Cryptocurrencies have evolved into a vibrant ecosystem offering significant advantages, from financial privacy to efficient cross-border transactions. Yet crypto mining, which secures blockchain networks, does require substantial electricity in order to verify financial transactions and introduce new coins into the existing supply. Some critics cast a wary eye on crypto mining for this reason, pointing out that Bitcoin uses about as much electricity annually as a medium-sized European nation.
However, the estimated energy consumption of Bitcoin mining is less than the power usage of data centers and networks, as well as of the traditional banking system. And it is on par or less than electricity demanded in industries like paper, iron, chemicals, and copper and gold mining. Singling out crypto as an energy villain ignores this broader context.
We also consider the claim that the DAME tax will have environmental benefits. But here too the logic quickly falls apart. The crypto sector is shifting to renewable and low-emission energy sources, including nuclear and hydropower, without the need for government intervention. Some mining companies specifically site facilities near sources of low-emission power, like Niagara Falls. Others take advantage of energy that would otherwise be wasted, like natural gas byproducts flared at oil fields.
Troublingly, the DAME tax fails to account for the source of electricity, meaning it would tax companies that rely on renewables and nuclear energy as much as fossil fuels. This could discourage crypto mining operations from prioritizing carbon-free power sources. Perversely, the result may be increased emissions if mining activity moves overseas to countries with more fossil-dependent grids.
The DAME tax also ignores the benefits generated by crypto’s electricity consumption. Mining is not waste but an investment in securing decentralized networks and enabling permissionless, censorship-resistant transactions. Stablecoins built on crypto networks have proven useful for facilitating rapid and affordable cross-border payments. And innovations like the Lightning Network promise to amplify Bitcoin’s transaction capacity while improving energy efficiency.
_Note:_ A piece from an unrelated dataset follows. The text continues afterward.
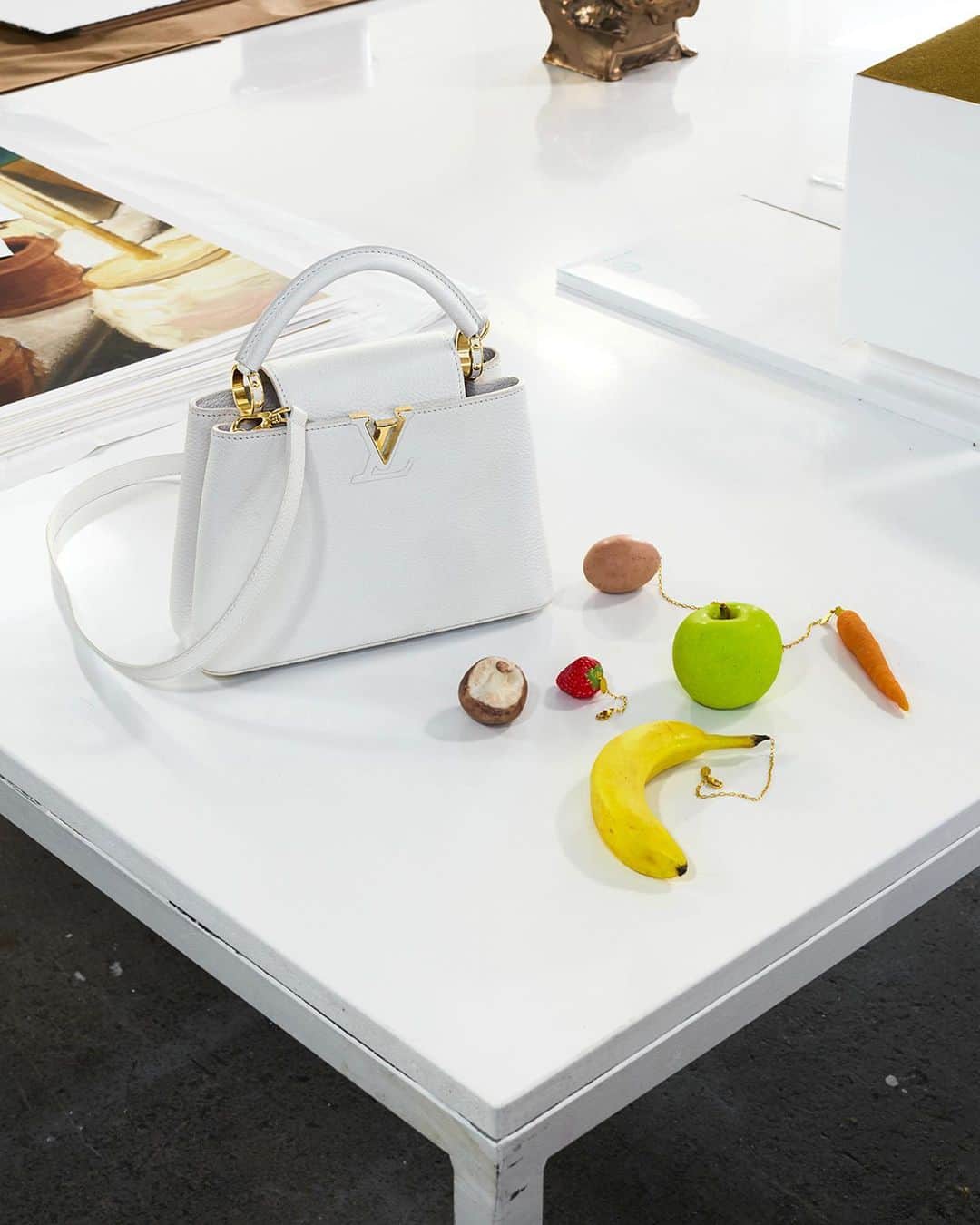 のインスタグラム：「Artycapucines: six contemporary artists bring their visions to #LouisVuitton’s iconic Capucines bag. Discover the limited-edition creation by #UrsFischer via link in bio.」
Crypto also remains popular among investors. Major financial institutions are lining up to offer crypto-linked investment vehicles to clients. Approval by the Securities and Exchange Commission of Bitcoin-based exchange-traded funds is expected as early as this week. There are clearly valuable financial use cases being unlocked, even amid some industry volatility and scandals (typical of many new technologies still finding their footing).
The DAME tax is particularly problematic because it would arbitrarily punish electricity usage in this one nascent industry. It establishes a precedent that says the latest tech fields can be singled out as “whipping boy,” even when their energy appetite is unexceptional. There is a danger the crypto tax could be just the first step in a broader federal plan to enact an economy-wide electricity tax.
Restricting certain industries arbitrarily sets us down a risky path. Strangely, even while the Biden administration tries to crack down on crypto’s electricity use, it simultaneously seeks to expand electrification in other areas, such as with automobiles. Rather than penalize one industry’s electricity consumption while subsidizing another’s, officials should enable the infrastructure investments needed to meet the growing energy demand of everyone, for example, through reforming the permitting process.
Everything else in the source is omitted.